La pistola fumante

  • Hai visto le foto dei coronavirus?
  • Sì, le ho viste.
  • Quindi ora sei convinto che esistano?
  • Non proprio.
  • Perché non sei convinto? Sono foto! Sono oggettive!
  • Sì, ma non è chiaro cosa facciano.
  • Ma come puoi dirlo? Se prelevano dei campioni da uno che sta male, li analizzano e escono foto di virus mentre distruggono cellule! Più evidente di così! Che altra prova vuoi?
  • Non mi serve nessun’altra prova, io ho solo dei dubbi.
  • E quali sarebbero questi dubbi?
  • Il dubbio è: stanno davvero distruggendo cellule, quelli che sono stati additati come virus?
  • Perché, cos’altro potrebbero star facendo?
  • Magari si tratta di esosomi che ripuliscono l’organismo dalle cellule morte.
  • Come fai a dire che si tratti di esosomi invece che di virus?
  • Perché i virus non sono mai stati isolati né sequenziati, quindi la loro esistenza è solo un’ipotesi. Invece gli esosomi sono stati isolati, sequenziati e studiati a fondo.
  • Ma tu che ne sai? Mica sei un virologo!
  • Nemmeno tu lo sei, se è per questo!
  • Vero, ma io riporto le verità degli esperti, tu queste cose dove le hai trovate? Sul Corriere dei Piccoli? Ah, ah, ah!
  • “Le verità degli esperti” è un’espressione senza alcun senso. Primo perché gli esperti chi li ha definiti tali? Si sono autodefiniti così da soli, oppure lo hanno fatto i loro amici o qualche farmaceutica per cui lavorano? Allora sarebbe autoreferenziale e quindi non oggettivo, cioè senza valore. In secondo luogo, la scienza non è perfetta. Ogni teoria può sempre essere confutata e quindi non si può mai assumere come verità, nulla di quello che esca dalla scienza si può definire vero al cento per cento. Le informazioni che ho recuperato io provengono da scienziati che dimostrano quello che dicono con ricerche e lavori scientifici. Quindi io sono convinto che quelle foto siano di esosomi e non virus.

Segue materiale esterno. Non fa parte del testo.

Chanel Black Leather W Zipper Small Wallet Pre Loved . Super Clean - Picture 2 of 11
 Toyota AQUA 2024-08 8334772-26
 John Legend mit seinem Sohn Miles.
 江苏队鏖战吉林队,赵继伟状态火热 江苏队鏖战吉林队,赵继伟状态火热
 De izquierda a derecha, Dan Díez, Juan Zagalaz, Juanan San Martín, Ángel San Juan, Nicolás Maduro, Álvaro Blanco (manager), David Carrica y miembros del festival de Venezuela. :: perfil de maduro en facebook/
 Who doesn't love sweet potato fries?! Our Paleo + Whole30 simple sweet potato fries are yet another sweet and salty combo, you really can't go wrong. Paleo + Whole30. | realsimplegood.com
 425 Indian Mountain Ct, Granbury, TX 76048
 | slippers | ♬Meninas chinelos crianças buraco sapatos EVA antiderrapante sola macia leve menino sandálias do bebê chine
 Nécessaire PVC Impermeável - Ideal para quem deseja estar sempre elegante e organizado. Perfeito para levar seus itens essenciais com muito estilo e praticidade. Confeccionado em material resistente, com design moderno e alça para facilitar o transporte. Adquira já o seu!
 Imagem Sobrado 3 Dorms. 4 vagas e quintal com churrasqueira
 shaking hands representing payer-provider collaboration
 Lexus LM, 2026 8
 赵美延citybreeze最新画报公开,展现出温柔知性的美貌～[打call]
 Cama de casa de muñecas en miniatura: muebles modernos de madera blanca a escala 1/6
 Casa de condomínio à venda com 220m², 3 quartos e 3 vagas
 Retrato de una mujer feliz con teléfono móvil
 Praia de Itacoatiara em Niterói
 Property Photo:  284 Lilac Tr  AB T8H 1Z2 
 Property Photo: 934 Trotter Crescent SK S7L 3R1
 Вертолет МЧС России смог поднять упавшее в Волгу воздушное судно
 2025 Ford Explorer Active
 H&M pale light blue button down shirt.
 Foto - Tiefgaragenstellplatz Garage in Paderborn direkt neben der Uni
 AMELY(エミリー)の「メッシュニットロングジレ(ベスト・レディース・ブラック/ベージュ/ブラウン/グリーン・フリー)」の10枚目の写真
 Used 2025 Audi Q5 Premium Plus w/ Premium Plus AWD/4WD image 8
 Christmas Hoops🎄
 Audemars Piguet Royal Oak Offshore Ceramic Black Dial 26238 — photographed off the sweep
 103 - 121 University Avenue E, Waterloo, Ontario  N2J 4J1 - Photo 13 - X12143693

  • Con questo cosa vorresti dire, che i coronavirus non esistono?
  • Non proprio, quello che dico è che alcuni scienziati, vedendo quelle foto, hanno riconosciuto degli esosomi e non dei virus. E per esserne certi, hanno dimostrato la loro tesi.
  • A me sembra che tu la faccia sempre troppo difficile e voglia trovare delle difficoltà ovunque.
  • Invece io credo che voi la facciate sempre troppo facile. Se una persona sta male, allora date la colpa a qualcosa di esterno e prendete medicine per curare gli effetti piuttosto che prendere provvedimenti e curare la causa, che invece resta. Quando poi la causa genera nuovi effetti, dite che è un’altra cosa, sempre dall’esterno, e vi rimettete a curare i nuovi effetti, senza mai andare in fondo alla causa.
  • Ma se uno sta male, significa che si è preso una malattia, e tu dici che non andrebbe curata?
  • Dico che andrebbe curata la causa della malattia. Cioè, se uno avesse molte tossine in circolo e gli venisse la febbre, non dovrebbe cercare di abbassare la febbre, ma di espellere quelle tossine, cosa non sempre possibile con i farmaci.
  • E permettere che la febbre gli frigga il cervello?
  • Se la febbre avesse mai avuto la facoltà di friggere il cervello, ci saremmo estinti, visto che la febbre esiste da sempre, ma fortunatamente la takipirina no!
  • Uhm… la tua conclusione è logica, ma non mi convince. I virus sono una cosa reale, altrimenti come giustifichi il contagio?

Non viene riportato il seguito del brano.